After he said good bye, he took a sip the impotent coffee. Marian’s coffee had been full, invigorating, like Marian herself. His mind wandered. Yes, they had had their ups and downs, but in the beginning, after John was born, it was bliss. He was a happy, fulfilled man. Then he got laid off and she found out she was pregnant again. Even though he got another job after four months, it had never been the same. He lived with the knowledge that bad things could happen – would happen – to him.

He shuffled to the microwave to warm the coffee.

They had held it together, though, he and Marian. And through it all she had been a bastion. She changed the diapers, got the kids to school, took them to soccer practice, kept the house. Had he ever thanked her? He couldn’t remember. She had been there when he had the heart attack. Called 911 herself. Sat by his hospital bed day and night. The unpalatable diet the doctor had insisted on? She enforced it and magically made it palatable. Even salads – with apples and oranges and walnuts tucked mid the lettuce and cucumbers.

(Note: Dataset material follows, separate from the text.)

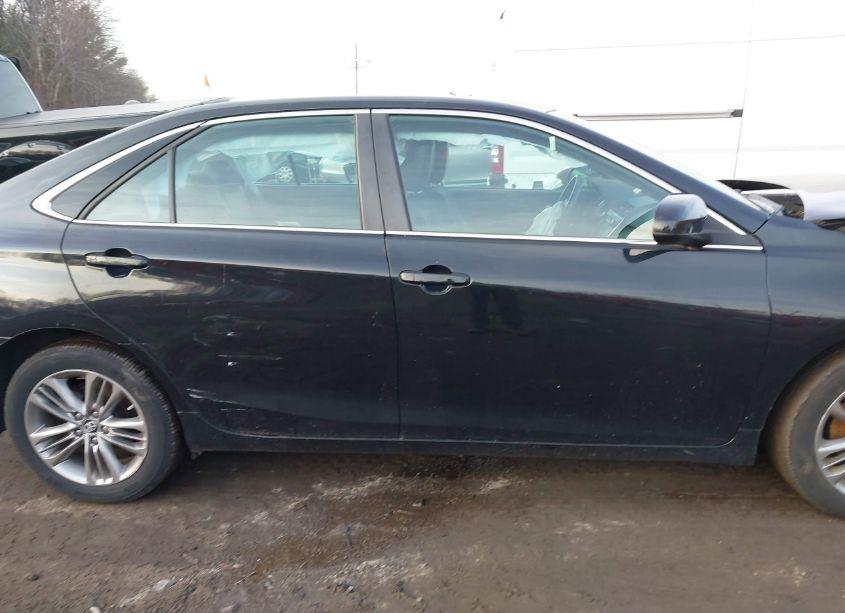 Photo 12 of 2017 Toyota Camry SE (VIN 4T1BF1FK8HU780013)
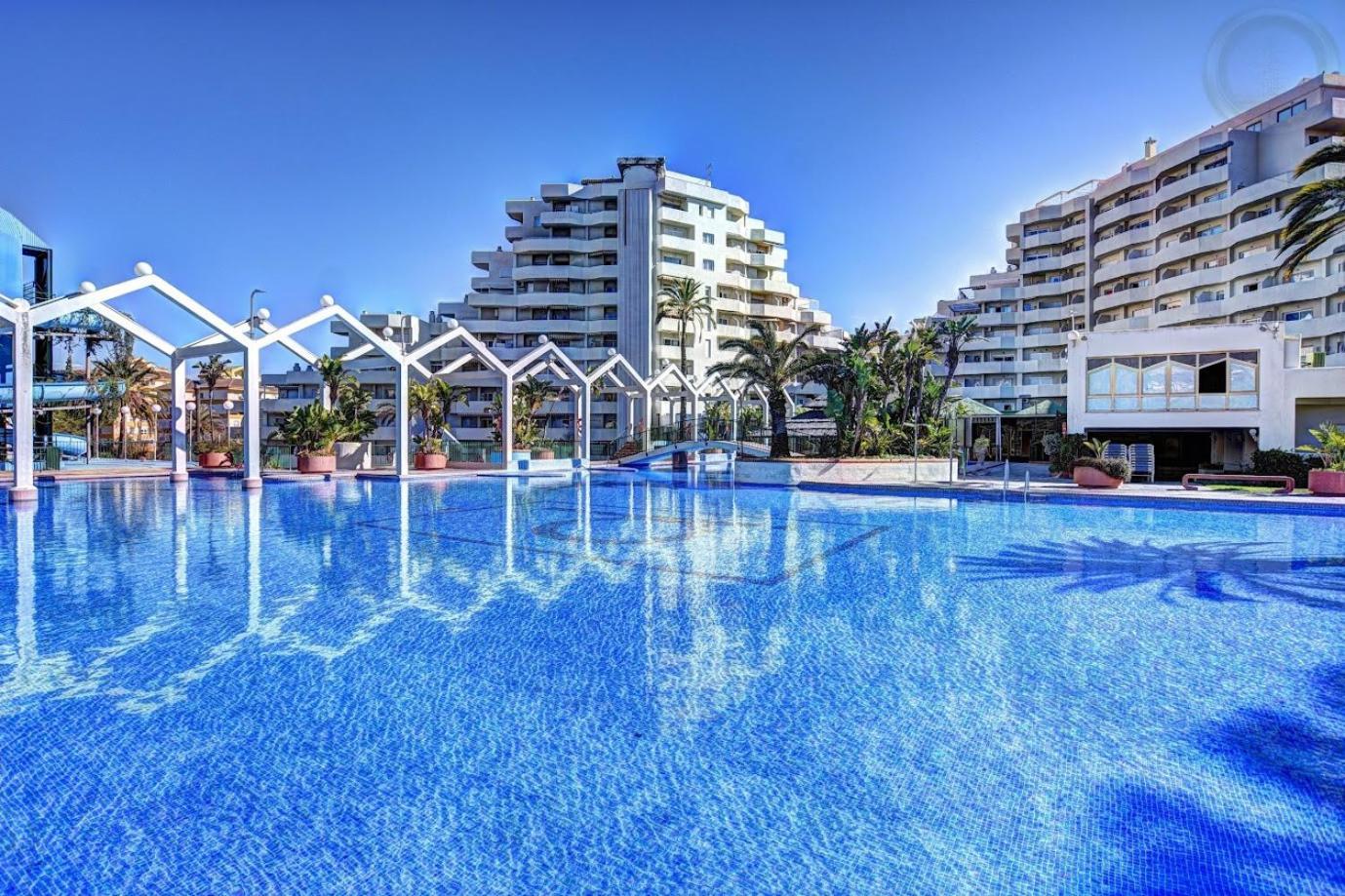 Large Deluxe Front Sea View Benalbeach Apartment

“What’s in this salad dressing?” he’d asked.

“Oh, a mystery ingredient,” she teased.

And cauliflower, who can stand that? But her cauliflower disguised as mashed potatoes? “How do you make this so good?” Same answer.

He lingered at the table. Sunlight now illumined the nook and glanced off his white coffee cup. She never did tell him the mystery ingredient.

The doorbell jarred him. “Oh, my God,” he thought. “It’s Catherine and Randy, come to pick me up.”

He hurried to the door, still in his baggy pajamas. “I’m so sorry,” he blurted as he opened the door. “Time got away from me.”

Catherine hugged him and walked in. “Don’t worry. We have plenty of time.” Her voice was strong, reassuring.

Her husband entered behind her, with Michael, dressed in his Sunday clothes. His eyes were fixed on the carpet. Making the briefest eye contact, Michael said, “Hi, Gramps.”

This would be hard for him. He’d never been to a funeral. And he loved his grandmother. Gary put his arm around the boy’s shoulders and gave a hug. “Hi, Michael.”

Catherine said, “John and Lisbeth can hold down the fort till we get there.”

As Gary shuffled off to shower, he wondered if Catherine might know Marian’s mystery ingredient. He stopped at the hall door and turned. “Catherine,” he said. “I’ve been thinking about my diet.” He hesitated.

“Yes?” she said.

“Well . . . uh . . . you don’t by any chance know Mom’s mystery ingredient?”

Catherine’s eyes met his for moment, then she said, her voice cracking slightly, “Yes, I know it.”